*What needs to be done:* Leave every image out, and print the remaining lines below exactly.

*Material provided:*
------------------------------
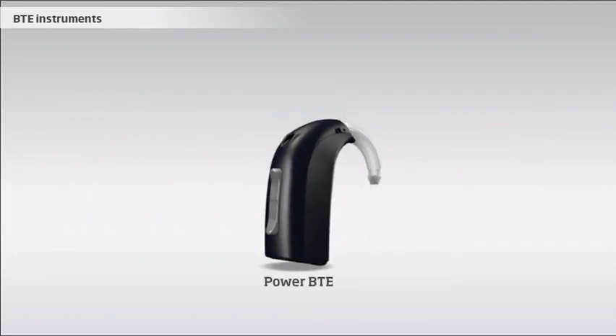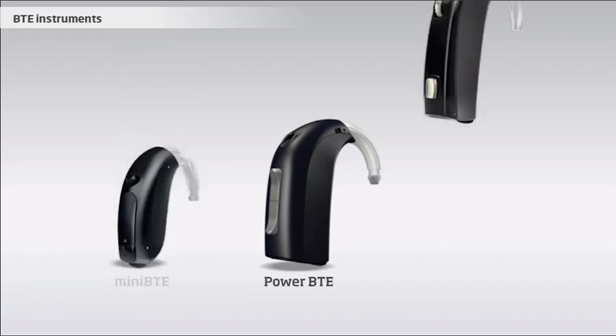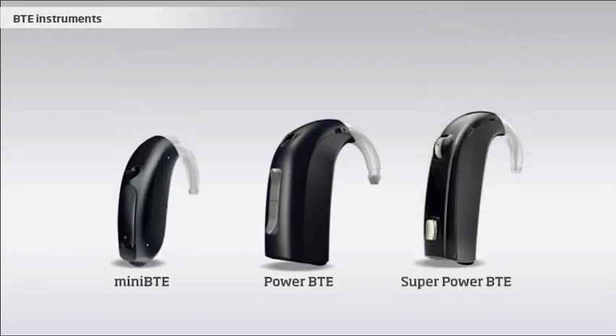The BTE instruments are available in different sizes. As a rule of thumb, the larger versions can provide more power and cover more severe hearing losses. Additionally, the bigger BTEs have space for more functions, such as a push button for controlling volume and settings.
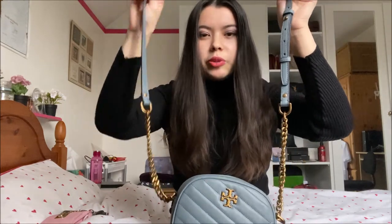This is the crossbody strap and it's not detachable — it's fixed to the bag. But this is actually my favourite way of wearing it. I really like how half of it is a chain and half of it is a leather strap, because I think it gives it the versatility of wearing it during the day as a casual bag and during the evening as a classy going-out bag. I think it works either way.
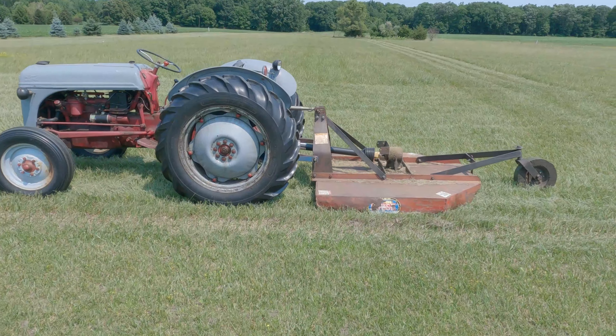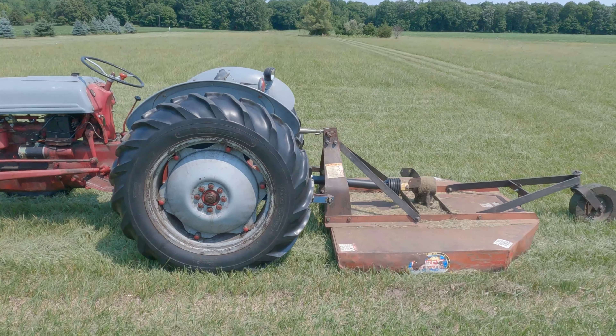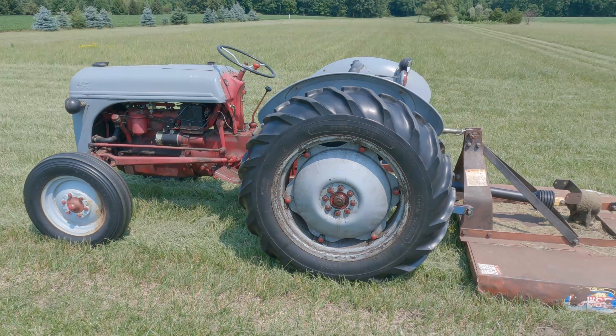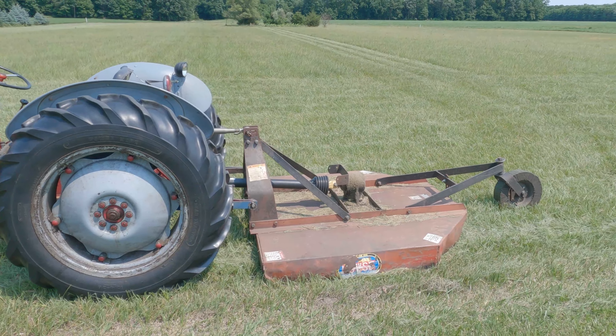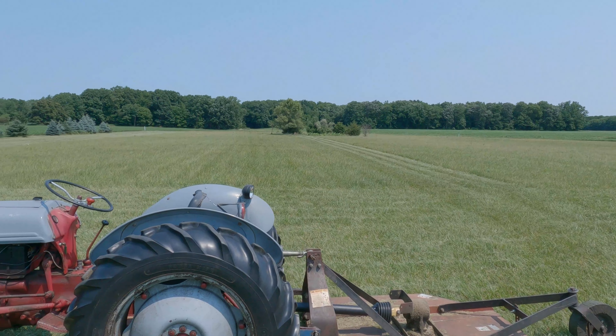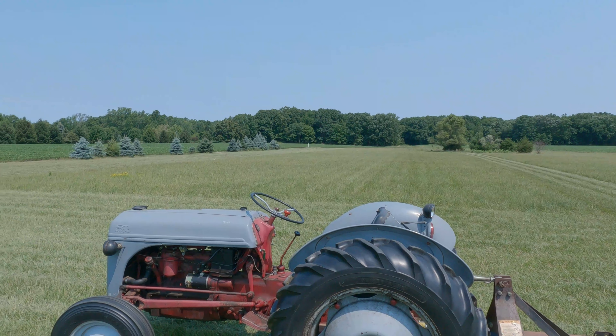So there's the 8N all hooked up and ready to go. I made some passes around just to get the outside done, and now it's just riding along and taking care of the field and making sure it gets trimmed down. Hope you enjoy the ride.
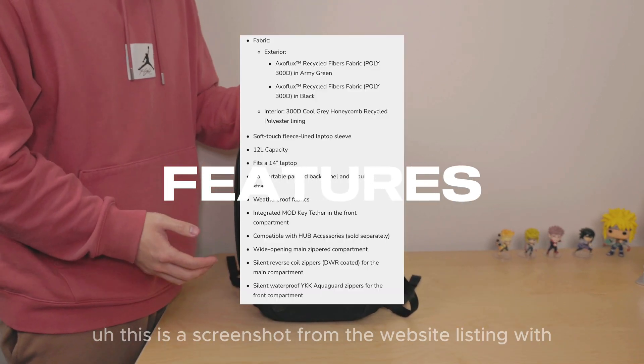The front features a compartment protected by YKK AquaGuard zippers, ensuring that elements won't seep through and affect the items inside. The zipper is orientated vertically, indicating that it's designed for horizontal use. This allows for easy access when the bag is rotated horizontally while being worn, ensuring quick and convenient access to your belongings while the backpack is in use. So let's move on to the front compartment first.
------------------------------
*Exercise response:*
The BTE instruments are available in different sizes. As a rule of thumb, the larger versions can provide more power and cover more severe hearing losses. Additionally, the bigger BTEs have space for more functions, such as a push button for controlling volume and settings.
This is the crossbody strap and it's not detachable — it's fixed to the bag. But this is actually my favourite way of wearing it. I really like how half of it is a chain and half of it is a leather strap, because I think it gives it the versatility of wearing it during the day as a casual bag and during the evening as a classy going-out bag. I think it works either way.
So there's the 8N all hooked up and ready to go. I made some passes around just to get the outside done, and now it's just riding along and taking care of the field and making sure it gets trimmed down. Hope you enjoy the ride.
The front features a compartment protected by YKK AquaGuard zippers, ensuring that elements won't seep through and affect the items inside. The zipper is orientated vertically, indicating that it's designed for horizontal use. This allows for easy access when the bag is rotated horizontally while being worn, ensuring quick and convenient access to your belongings while the backpack is in use. So let's move on to the front compartment first.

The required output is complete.